Prior sanction from a competent authority is mandatory for a magistrate to take cognisance of a private complaint for ordering a probe or taking cognisance of a charge sheet against a public servant under the Prevention of Corruption Act, the Supreme Court has ruled.

A Bench of Justices K.S. Radhakrishnan and A.K. Sikri said: “So far as public servants are concerned, the cognisance of any offence, by any court, is barred by Section 197 of the Cr. PC unless sanction is obtained from the appropriate authority, if the offence, alleged to have been committed, is in discharge of the official duty.”

Writing the judgment, Justice Radhakrishnan said: “The Section not only specifies the persons to whom the protection is afforded but also the conditions and circumstances under which it shall be available, and the effect in law if the conditions are satisfied. The mandatory character of the protection afforded to a public servant is brought out by the expression, ‘no court shall take cognisance of such offence except with the previous sanction’.”

The Bench said that the “use of the words, ‘no’ and ‘shall’ make it abundantly clear that the bar on the exercise of power of court to take cognisance of any offence is absolute and complete. The very cognisance is barred. That is, the complaint cannot be taken notice of. A court, therefore, is precluded from entertaining a complaint or taking notice of it or exercising jurisdiction if it is in respect of a public servant who is accused of an offence alleged to have been committed during discharge of his official duty.”
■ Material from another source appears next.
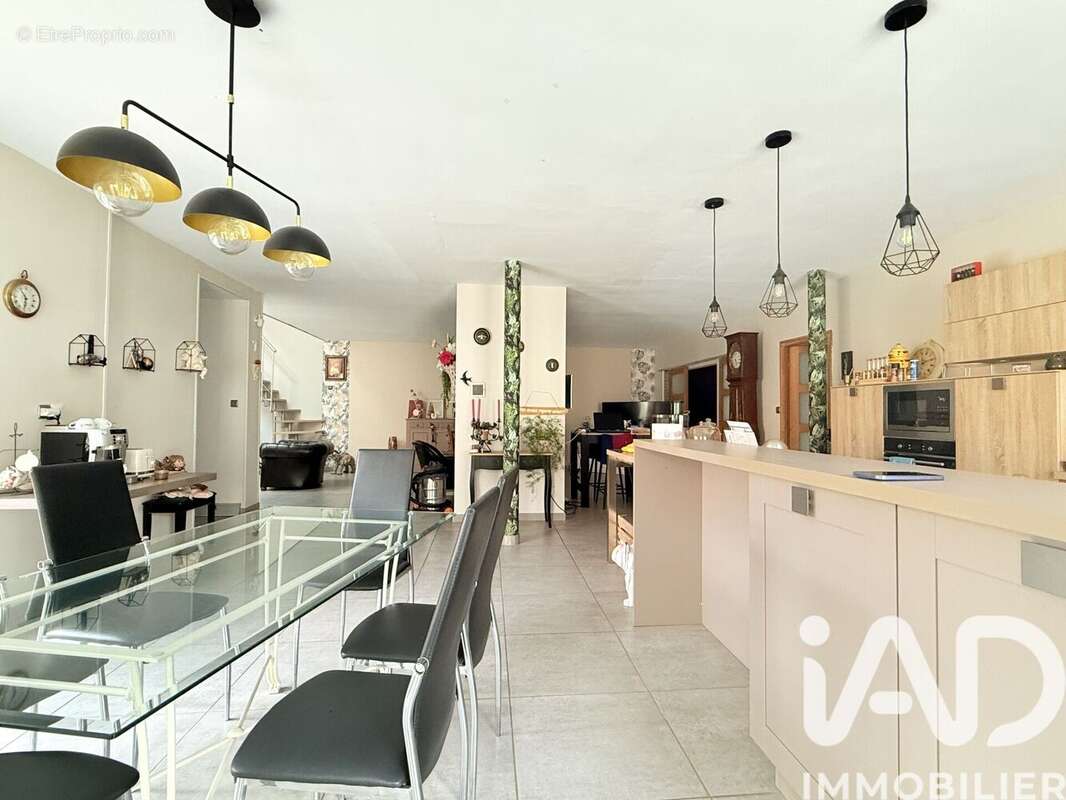 Maison 215 m² à Caudry  - photo 3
Citing earlier decisions, the Bench said: “The question of sanction is of paramount importance for protecting a public servant who has acted in good faith while performing his duty. In order that the public servant may not be unnecessarily harassed on a complaint of an unscrupulous person, it is obligatory on the part of the executive authority to protect him…. If the law requires sanction, and the court proceeds against a public servant without sanction, the public servant has a right to raise the issue of jurisdiction as the entire action may be rendered void ab initio.”
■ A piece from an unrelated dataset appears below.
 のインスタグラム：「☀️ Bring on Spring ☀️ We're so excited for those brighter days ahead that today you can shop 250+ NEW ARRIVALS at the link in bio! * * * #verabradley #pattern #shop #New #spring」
In this case, the appellant Anil Kumar filed a private complaint against K. Aiyappa and another person before the special judge/magistrate of the Karnataka Lok Ayukta, seeking a direction for a probe under the Prevention of Corruption Act. The special judge referred the complaint made under Section 200 of the Cr. PC for investigation by the Deputy Superintendent of Police, Karnataka Lokayukta, without a valid sanction order under Section 19 of the Prevention of Corruption Act.

On a writ petition from Mr. Aiyappa, the Karnataka High Court quashed the special judge’s order. The present appeal by Mr. Anil Kumar is directed against this judgment.
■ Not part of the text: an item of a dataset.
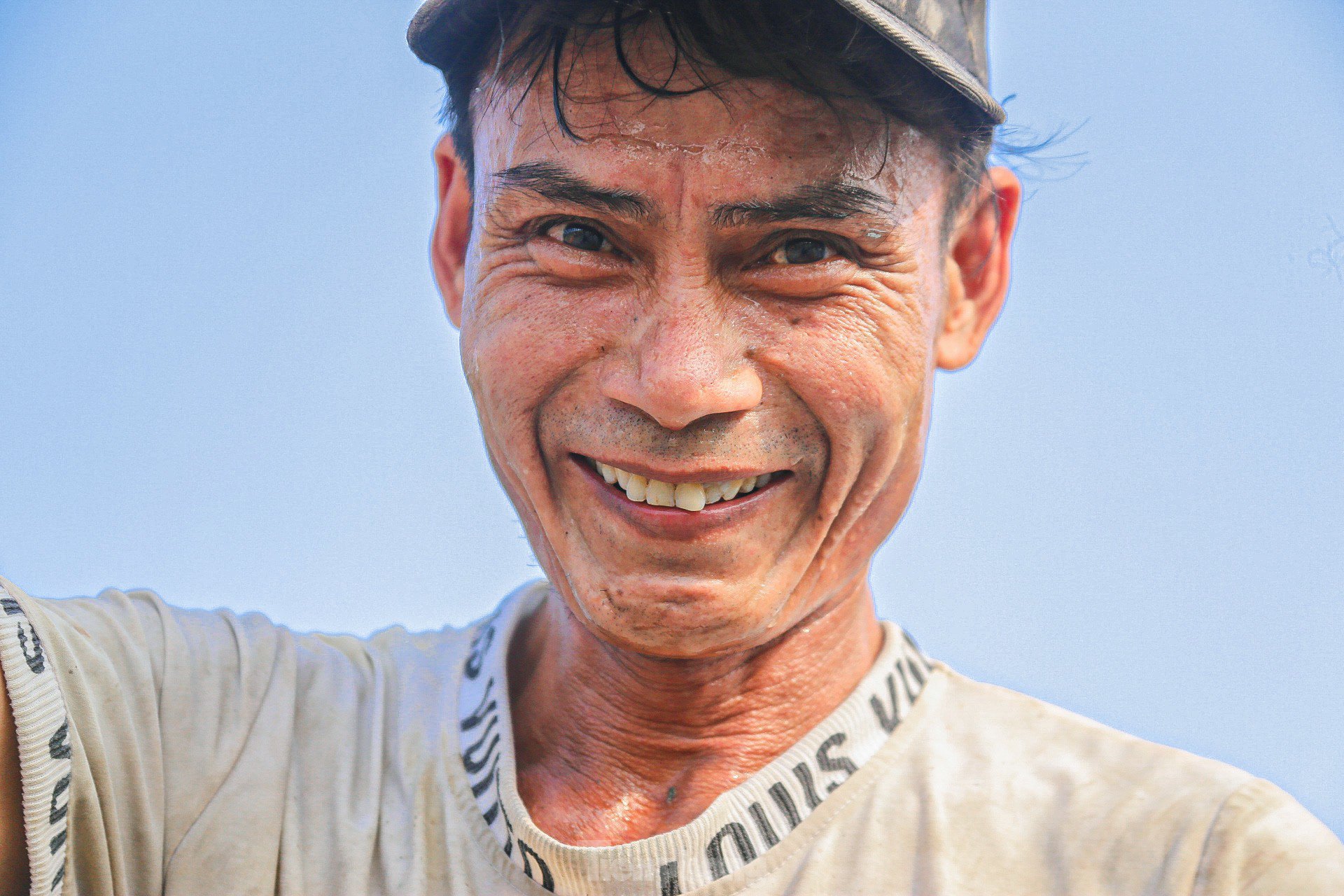 Người dân làng đá chẻ lớn nhất Đà Nẵng oằn mình mưu sinh dưới nắng nóng 40 độ - 13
Dismissing the appeal, the Bench said the magistrate, while exercising his powers under Section 156 (3) of the Cr. PC, could not act mechanically. He could not refer the matter against a public servant without a valid sanction order. His application of mind should be reflected in the order. The mere statement that he had gone through the complaint/documents and heard the complainant, as reflected in the order, would not be sufficient. “In this case, the special judge has cited no reasons for ordering investigation. Once it is noticed that there was no previous sanction, the magistrate cannot order investigation against a public servant while invoking powers under Section 156(3) of the Cr. PC.”